APA (American Psychological Association), 6th ed.: chapter 5 (Displaying Results)

Chicago, 15th ed.,: chapter 12 (Illustrations and Captions) and chapter 13 (Tables)

IEEE (Institute of Electrical and Electronics Engineers), 2014 ed.: sections 13 (Tables) and 14 (Figures)

What improvements can I make to my existing visuals?

Like any type of writing, visuals and graphics require revision. To assist in the process, consider these questions, adapted from Hall and Menefee-Libey (2015):

How does the graphic contribute to the presentation of results? (In other words, is the graphic necessary? What is it doing that text can’t do?)

How does the selection of the graphic fit the methods and results? (Is it appropriate?)

Can you infer its meaning without reading the text? (Is it independently legible?)

Does the graphic faithfully represent the data? (Is it accurate and truthful?)

Does the graphic include all of the expected components (labels, captions, etc)? (Does it follow expected conventions?)

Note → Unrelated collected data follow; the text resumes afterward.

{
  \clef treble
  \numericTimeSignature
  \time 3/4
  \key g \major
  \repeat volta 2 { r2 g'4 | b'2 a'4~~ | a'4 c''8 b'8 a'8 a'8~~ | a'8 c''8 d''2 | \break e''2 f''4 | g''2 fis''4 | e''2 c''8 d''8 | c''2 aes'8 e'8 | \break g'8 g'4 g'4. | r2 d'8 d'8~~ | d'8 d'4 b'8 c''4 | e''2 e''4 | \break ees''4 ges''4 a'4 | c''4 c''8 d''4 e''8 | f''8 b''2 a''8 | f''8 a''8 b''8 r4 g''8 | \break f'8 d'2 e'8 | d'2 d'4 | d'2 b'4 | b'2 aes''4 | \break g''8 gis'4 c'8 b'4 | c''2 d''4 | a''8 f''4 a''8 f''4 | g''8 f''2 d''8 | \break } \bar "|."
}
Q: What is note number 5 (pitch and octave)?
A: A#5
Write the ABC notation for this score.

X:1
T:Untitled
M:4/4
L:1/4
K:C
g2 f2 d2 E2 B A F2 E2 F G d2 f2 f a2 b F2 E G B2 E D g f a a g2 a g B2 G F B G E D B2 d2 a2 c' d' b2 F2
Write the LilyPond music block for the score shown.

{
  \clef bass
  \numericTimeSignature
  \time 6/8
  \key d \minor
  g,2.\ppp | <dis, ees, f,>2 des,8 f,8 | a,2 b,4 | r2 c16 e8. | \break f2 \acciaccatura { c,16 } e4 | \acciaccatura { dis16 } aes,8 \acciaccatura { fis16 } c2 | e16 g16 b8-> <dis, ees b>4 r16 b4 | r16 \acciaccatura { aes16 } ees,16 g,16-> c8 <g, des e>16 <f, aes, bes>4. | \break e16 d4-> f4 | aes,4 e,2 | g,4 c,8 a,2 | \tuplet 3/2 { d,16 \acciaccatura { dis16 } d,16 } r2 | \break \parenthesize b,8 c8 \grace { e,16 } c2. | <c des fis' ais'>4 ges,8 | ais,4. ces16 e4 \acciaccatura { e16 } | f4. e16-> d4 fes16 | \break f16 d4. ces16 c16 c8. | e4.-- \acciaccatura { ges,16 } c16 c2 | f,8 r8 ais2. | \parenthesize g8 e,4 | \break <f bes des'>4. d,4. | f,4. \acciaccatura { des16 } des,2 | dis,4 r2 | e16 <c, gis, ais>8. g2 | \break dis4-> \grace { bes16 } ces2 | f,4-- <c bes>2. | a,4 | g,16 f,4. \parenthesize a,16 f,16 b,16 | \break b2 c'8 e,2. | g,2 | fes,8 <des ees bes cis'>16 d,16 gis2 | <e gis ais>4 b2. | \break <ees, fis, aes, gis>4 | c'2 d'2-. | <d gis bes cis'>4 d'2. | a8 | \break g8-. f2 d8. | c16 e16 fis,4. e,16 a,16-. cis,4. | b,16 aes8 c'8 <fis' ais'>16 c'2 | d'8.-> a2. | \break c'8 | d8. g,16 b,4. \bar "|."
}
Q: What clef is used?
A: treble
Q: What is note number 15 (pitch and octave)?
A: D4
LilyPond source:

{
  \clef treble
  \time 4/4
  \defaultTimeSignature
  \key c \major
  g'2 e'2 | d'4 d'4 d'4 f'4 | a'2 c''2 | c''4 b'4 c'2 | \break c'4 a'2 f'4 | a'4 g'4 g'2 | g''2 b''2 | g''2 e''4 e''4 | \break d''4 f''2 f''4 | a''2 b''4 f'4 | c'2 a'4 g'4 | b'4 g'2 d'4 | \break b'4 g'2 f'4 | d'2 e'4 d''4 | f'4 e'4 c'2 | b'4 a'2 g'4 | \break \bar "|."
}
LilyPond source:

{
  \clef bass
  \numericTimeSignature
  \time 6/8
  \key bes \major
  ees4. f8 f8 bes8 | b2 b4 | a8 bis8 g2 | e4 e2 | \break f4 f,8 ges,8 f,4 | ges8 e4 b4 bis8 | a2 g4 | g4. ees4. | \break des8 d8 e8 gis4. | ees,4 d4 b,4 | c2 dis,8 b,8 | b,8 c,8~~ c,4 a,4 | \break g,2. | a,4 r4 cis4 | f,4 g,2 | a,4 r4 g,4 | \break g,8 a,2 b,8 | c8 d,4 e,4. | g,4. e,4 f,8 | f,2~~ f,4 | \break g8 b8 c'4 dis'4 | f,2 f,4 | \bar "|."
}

  • Do your visuals have titles and captions?
  • Are multiple visuals numbered sequentially?    
  • Are the axes labeled clearly, with standard units?
  • Is the scale evident and consistent?
  • Are legends and other explanatory material (notes, asterisks, etc.) easy to find?
  • Is the graphic cited appropriately and according to the conventions of your discipline?
    • If the graphic is from a source, have you given credit to the original author(s)? (See style manuals above for discipline-specific conventions.)
    • If you constructed the graphic yourself, have you indicated the source of its data?

Are the style and design choices effective? (Is it uncluttered?)

  • Does the ratio of white space to “ink” allow the reader to focus on what is important?
  • Can anything be removed without affecting meaning (e.g., unnecessary gridlines)?
  • If colors are used, are they necessary and consistent?
  • Are data points in your plot or chart easy to tell apart?  

Is the graphic accessible to diverse audiences?

  • Have you included textual descriptions of visualizations?
  • Have you ensured legibility through contrasting lines, shapes, or values?
  • Have you performed a grayscale test to ensure that your visual is accessible to people with color blindness?

For excellent advice on charts and accessibility, visit Charts and Accessibility at Penn State.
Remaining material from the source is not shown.